Королева не моргнула. Лишь одна её идеально очерченная бровь чуть приподнялась, побуждая продолжать.
— Его Величество устроил его помолвку с Ладенией. Демитр был вынужден подчиниться. Но мы… — я сглотнула, чувствуя, как жар стыда и горечи заливает щёки. — Мы переписывались. Все эти годы. А вчера… — голос мой дрогнул, но я вынудила себя закончить, глядя прямо перед собой. — Вчера, после нападения, он предоставил мне убежище в гарнизоне. И да. Мы провели ночь вместе.
Я ждала всего: вспышки гнева, ледяного молчания, упрёков в безрассудстве и легкомыслии. Готовилась к тому, что её материнский гнев обрушится на Демитра, на меня, на весь мир.
Но Верания лишь медленно выдохнула и тяжело опустилась на кресло. Её пальцы сжали резные деревянные подлокотники так, что суставы побелели. Она смотрела куда-то мимо меня, в солнечные блики на паркете, и в её глазах плескалась такая глубокая, бездонная горечь, что мне стало физически больно.
— И это, — произнесла она наконец, и её голос, обычно такой мелодичный, звучал приглушённо и устало, — первый раз, когда ты говоришь со мной откровенно. Не как подданная с королевой. А как дочь с матерью.
Она покачала головой, и в этом жесте было не осуждение, а бесконечная усталость от многолетней борьбы с невидимой стеной.
— Я так рада, дитя моё. Боги, ты не представляешь, как я рада каждому твоему вздоху, каждому мгновению, что ты жива и здорова. После того, что случилось… после тех лет пустоты… — она сжала веки, сгоняя набежавшую влагу. — Но это так сложно. Ты вошла в этот дворец как героиня и талантливый маг. Да, Истер тебя рекомендовал, но решение принимал Ледарс на основе твоих заслуг. Ты добилась всего сама — назначения, орденов. Даже Истера заставила сделать так, как хочется тебе. Ты не нуждалась во мне.
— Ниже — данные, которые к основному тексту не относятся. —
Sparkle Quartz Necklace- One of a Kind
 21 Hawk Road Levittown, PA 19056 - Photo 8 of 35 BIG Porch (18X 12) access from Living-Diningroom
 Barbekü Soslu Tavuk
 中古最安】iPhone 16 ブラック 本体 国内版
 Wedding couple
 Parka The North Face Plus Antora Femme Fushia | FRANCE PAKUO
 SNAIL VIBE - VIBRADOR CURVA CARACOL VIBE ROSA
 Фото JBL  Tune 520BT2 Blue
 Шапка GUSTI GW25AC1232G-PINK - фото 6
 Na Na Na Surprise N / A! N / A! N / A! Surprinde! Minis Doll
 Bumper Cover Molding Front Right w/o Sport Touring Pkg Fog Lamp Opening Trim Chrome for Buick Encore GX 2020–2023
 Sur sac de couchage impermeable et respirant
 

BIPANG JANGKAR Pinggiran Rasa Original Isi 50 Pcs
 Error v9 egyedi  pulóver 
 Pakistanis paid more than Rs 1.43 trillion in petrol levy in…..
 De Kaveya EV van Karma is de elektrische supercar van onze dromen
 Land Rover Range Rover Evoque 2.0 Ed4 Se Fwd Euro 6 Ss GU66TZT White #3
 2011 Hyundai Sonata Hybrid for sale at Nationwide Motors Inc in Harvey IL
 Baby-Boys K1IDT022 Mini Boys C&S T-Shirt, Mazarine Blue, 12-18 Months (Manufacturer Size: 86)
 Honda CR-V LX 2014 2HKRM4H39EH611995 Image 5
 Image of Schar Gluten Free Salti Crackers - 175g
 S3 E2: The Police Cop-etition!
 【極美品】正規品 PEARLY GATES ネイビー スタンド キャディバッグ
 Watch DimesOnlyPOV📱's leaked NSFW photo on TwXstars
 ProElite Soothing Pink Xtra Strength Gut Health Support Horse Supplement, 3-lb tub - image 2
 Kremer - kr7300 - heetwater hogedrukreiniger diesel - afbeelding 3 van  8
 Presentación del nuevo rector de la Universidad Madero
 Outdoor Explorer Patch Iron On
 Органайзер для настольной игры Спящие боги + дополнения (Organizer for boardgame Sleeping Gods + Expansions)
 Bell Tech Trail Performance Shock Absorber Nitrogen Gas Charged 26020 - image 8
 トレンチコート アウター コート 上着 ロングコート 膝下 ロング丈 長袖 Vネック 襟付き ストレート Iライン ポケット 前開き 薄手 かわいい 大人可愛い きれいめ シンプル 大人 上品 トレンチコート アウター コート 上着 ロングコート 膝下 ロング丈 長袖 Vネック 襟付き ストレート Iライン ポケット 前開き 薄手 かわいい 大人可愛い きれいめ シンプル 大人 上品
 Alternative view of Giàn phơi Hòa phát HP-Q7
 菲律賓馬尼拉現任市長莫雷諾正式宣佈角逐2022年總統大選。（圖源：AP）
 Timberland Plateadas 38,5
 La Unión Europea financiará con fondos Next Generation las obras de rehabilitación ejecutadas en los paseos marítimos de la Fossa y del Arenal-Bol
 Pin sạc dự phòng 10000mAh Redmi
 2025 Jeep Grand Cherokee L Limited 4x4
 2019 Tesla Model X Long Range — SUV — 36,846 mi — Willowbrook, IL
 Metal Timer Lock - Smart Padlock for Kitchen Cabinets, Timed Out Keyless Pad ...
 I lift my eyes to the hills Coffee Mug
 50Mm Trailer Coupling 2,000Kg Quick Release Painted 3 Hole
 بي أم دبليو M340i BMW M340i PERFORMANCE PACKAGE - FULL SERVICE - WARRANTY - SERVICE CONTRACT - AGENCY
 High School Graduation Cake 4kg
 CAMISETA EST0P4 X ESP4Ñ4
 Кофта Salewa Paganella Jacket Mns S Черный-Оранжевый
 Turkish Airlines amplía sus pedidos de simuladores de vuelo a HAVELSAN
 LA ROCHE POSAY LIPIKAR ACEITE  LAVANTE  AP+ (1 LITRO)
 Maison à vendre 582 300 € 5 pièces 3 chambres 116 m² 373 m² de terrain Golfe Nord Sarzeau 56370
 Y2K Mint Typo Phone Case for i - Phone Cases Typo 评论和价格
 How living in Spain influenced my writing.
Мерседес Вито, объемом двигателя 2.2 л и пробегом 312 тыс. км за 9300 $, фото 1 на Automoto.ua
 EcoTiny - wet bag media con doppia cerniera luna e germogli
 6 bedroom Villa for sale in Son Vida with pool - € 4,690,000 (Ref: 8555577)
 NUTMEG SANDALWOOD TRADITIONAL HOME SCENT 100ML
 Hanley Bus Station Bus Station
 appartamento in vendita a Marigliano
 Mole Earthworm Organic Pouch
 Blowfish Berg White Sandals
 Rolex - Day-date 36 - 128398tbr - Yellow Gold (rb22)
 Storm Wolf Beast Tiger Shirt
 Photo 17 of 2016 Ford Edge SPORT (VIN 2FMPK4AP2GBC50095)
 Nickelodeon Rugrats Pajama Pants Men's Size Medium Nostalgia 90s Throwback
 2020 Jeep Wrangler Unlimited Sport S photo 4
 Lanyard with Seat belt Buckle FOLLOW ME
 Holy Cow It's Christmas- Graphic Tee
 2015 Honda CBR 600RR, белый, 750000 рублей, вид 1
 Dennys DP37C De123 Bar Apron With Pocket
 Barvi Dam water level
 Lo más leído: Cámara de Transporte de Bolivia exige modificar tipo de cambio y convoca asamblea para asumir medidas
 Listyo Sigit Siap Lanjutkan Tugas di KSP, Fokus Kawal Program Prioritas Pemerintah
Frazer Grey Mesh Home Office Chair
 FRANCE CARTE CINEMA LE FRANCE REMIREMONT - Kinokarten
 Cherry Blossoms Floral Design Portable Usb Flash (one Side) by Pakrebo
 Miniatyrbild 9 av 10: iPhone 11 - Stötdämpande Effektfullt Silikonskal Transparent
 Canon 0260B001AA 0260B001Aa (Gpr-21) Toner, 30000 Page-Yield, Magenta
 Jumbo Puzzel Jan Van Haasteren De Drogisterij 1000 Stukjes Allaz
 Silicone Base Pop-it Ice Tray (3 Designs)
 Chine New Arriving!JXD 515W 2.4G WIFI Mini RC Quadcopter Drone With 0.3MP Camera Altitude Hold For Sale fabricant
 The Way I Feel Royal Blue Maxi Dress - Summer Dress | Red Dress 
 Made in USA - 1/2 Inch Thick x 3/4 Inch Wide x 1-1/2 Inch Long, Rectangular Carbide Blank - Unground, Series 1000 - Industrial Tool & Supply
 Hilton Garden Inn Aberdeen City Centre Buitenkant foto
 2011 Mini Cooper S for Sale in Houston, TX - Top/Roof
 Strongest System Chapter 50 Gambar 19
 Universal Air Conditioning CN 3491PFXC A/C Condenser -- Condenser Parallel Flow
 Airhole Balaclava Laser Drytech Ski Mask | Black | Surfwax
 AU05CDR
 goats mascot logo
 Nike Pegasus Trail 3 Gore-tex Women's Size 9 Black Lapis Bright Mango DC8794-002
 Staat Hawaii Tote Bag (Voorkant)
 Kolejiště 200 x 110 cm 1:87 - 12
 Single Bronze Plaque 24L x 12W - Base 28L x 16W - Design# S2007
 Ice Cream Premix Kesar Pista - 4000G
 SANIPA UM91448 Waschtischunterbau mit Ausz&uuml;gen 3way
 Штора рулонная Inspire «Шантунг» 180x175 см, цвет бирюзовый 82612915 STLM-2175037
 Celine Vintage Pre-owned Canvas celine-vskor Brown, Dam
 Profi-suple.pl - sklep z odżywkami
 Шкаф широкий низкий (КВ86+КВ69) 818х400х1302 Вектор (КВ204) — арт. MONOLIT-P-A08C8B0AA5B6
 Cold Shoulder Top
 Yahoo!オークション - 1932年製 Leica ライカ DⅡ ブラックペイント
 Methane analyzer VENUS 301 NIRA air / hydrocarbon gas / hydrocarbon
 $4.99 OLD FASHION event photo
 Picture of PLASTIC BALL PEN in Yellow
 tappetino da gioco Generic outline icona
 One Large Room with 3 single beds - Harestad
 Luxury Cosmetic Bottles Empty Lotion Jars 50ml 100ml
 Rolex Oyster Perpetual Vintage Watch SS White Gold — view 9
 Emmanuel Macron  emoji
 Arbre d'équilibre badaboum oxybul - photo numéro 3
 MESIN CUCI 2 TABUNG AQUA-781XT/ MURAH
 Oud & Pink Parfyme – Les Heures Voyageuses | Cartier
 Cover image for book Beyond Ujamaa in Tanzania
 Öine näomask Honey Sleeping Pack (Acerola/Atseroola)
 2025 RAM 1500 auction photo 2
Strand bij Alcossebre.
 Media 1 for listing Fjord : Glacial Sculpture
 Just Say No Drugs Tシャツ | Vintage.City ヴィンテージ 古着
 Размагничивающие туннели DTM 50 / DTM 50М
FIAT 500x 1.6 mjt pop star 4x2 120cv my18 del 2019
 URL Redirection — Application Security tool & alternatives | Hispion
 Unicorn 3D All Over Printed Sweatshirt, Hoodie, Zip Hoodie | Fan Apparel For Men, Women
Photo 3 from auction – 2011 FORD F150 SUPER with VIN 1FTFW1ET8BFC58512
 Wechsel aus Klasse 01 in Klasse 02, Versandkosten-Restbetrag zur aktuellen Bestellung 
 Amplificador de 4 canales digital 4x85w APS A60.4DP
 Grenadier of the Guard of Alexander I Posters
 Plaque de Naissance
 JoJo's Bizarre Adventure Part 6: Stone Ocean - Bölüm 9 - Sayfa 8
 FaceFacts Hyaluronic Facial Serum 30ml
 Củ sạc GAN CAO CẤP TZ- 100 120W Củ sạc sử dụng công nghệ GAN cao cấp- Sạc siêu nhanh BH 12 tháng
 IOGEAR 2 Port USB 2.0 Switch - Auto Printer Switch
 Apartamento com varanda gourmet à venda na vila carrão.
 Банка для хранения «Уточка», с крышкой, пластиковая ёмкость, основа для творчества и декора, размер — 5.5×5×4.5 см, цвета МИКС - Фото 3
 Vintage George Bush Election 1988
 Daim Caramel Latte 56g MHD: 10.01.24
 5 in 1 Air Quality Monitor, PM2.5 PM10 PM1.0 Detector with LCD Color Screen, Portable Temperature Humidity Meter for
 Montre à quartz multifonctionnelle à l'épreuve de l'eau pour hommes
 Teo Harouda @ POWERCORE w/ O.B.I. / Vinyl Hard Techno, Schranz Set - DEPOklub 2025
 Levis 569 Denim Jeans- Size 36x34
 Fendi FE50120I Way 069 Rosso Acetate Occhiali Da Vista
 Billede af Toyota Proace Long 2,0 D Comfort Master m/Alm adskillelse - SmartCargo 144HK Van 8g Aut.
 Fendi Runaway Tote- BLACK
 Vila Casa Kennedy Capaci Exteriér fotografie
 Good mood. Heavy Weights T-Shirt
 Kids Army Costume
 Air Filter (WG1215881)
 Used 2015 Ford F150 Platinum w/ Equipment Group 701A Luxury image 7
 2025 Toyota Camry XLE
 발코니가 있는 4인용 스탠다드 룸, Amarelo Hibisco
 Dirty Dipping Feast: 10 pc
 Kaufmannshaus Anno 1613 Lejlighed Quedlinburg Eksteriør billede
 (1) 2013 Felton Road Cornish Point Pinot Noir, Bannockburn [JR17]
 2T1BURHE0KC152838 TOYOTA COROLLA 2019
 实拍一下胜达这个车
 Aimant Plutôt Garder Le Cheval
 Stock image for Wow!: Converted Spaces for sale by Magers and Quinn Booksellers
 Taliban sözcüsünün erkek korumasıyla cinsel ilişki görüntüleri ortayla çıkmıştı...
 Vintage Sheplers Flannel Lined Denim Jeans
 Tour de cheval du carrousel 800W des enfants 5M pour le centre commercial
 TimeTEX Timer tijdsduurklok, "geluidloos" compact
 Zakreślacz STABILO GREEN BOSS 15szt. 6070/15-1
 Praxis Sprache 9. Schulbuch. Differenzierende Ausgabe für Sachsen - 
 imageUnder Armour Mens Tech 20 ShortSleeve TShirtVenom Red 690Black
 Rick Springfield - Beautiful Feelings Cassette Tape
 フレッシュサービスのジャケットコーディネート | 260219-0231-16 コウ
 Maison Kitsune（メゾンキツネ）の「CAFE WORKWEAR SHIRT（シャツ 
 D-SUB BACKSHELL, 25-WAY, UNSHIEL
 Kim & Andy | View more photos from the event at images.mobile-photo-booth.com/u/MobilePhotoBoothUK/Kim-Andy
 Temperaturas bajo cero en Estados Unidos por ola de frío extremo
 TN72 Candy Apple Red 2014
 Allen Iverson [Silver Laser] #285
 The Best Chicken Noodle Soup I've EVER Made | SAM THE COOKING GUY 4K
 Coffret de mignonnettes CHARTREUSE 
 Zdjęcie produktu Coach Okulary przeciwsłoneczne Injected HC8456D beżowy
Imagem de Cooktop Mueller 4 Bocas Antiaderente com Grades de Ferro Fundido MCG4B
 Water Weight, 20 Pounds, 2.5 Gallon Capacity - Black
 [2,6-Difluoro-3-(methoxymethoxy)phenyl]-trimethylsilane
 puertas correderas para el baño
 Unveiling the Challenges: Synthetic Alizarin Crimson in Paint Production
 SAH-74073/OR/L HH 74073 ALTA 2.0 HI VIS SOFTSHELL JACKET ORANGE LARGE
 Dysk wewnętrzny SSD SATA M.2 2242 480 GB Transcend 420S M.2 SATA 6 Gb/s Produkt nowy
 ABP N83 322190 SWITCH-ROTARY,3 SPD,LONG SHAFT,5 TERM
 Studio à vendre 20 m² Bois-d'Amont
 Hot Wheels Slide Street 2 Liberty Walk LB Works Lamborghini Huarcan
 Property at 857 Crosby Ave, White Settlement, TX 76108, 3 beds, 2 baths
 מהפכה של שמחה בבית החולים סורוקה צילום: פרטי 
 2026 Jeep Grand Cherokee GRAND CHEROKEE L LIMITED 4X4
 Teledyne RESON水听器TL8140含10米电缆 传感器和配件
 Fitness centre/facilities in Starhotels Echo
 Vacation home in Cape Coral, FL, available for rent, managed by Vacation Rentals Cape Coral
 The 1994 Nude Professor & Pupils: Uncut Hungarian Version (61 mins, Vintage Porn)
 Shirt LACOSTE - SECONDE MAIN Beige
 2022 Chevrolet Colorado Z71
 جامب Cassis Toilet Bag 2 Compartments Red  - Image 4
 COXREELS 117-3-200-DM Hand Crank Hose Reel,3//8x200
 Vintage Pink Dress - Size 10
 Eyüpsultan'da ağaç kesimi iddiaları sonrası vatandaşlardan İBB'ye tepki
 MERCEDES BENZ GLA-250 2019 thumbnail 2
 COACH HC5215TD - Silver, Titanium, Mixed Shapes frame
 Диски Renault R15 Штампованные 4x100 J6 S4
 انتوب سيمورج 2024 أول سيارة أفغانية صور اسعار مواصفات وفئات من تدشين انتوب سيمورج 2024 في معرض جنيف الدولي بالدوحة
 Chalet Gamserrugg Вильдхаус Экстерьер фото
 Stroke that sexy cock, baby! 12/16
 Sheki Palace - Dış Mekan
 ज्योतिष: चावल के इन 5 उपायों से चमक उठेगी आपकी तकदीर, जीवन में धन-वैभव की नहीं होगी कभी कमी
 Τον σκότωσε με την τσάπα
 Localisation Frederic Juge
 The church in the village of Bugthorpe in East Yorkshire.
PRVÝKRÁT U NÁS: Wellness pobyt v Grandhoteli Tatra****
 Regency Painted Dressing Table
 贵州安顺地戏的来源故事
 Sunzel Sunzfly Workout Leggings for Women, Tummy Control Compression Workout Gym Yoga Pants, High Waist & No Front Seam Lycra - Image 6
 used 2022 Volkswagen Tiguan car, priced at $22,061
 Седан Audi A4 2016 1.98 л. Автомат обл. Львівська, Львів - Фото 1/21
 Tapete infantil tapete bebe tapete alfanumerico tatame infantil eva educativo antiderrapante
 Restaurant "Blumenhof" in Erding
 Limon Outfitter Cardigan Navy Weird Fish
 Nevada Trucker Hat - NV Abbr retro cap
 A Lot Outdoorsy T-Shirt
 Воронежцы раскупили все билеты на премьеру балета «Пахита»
Ты не искала у меня ни советов, ни участия, ни… ласки.
Она посмотрела на меня прямо, и её взгляд был полон грусти и нежности.
— Я понимаю. Я не Лисария. Я не та, кто растил тебя, кто зашивал твои платья и вытирал слёзы с твоих щёк. Я — чужая женщина в роскошных покоях, которую ты обязана называть «Ваше Величество». И я… я пыталась принять эти правила. Держаться на почтительной дистанции, когда всё во мне кричало, желая обнять тебя, расспросить о твоём дне, предложить свою помощь. Я видела, как ты скорее горы сдвинешь магией, чем попросишь о помощи. Скорее изойдёшь кровью, чем признаешься в слабости. И я смирилась с тем, что всегда буду лишь молчаливой наблюдательницей твоей жизни.
Её губы дрогнули, сложившись в горькую улыбку.
— А теперь… теперь ты признаешься о своей ночи с мужчиной. Ты доверяешь мне самое сокровенное. И я не знаю, плакать мне от счастья, что ты наконец-то позволила мне подойти ближе, или рыдать от ужаса за тебя, понимая, что могла снова тебя потерять.
Я застыла, оглушенная её словами. Ведь даже представить себе не могла, что все мои попытки избавится от удушающей опеки, к которой я просто не привыкла, она воспринимает именно так. Что она чужая. Что она мне не нужна. Я просто не заметила израненную, одинокую, отчаянно желавшую хоть каплю тепла от дочери, которую у неё украли.
— Мама… — голос мой сорвался на шёпот., а Верания вздрогнула от этого простого слова. Я сделала шаг вперёд, потом ещё один, и опустилась перед её креслом на колени, как когда-то в детстве перед Лисарией. Мои руки сами потянулись к её сжатым, холодным пальцам, и я осторожно прикрыла их своими. — Простите меня. Пожалуйста, прости. Я… я совсем не против быть к тебе ближе. Просто… не так.
Она смотрела на меня сквозь пелену слёз, не отнимая рук.
— Не тогда, когда ты заваливаешь меня такими подарками, что весь дворец начинает меня ненавидеть за твою благосклонность, — выдохнула я, и на мои щёки тоже пробились предательские капли. — И не тогда, когда ты пытаешься вытянуть из меня каждую мысль и чувство, словно щипцами. Я не привыкла к тому, что надо мной трясутся и относятся ко мне, словно я хрустальная ваза. Папа Адорд семь потов с меня сгонял на тренировках. А мама Лисария возила с собой по домам пациентов, где не было опасности заражения. Они просто не тряслись надо мной. Я просто… Просто можно чуть меньше опеки? Намного меньше, если честно. И чуть больше просто… дружеского участия?
Я сжала её пальцы, чувствуя, как они постепенно расслабляются в моих.
— Ты для меня не чужая. Никогда не была. И сейчас… сейчас я просто боюсь сделать что-то не так и снова всё разрушить.
Верания ахнула, тихо, сдавленно, и её свободная рука потянулась к моему лицу. Тёплые пальцы коснулись щеки, смахнули слезу.
— О, дитя моё… — её голос дрожал. — Моя девочка… Прости меня. Прости старую, глупую женщину, которая так старалась, что только отталкивала тебя ещё сильнее.
— Не глупую, — я уткнулась лбом в её колени, как когда-то в детстве, прячась в складках платья Лисарии. — Никогда не глупую. Просто… давай ты не будешь забывать, что мне не шесть лет, а двадцать три года. И я сама кого хочешь в порошок растереть способна.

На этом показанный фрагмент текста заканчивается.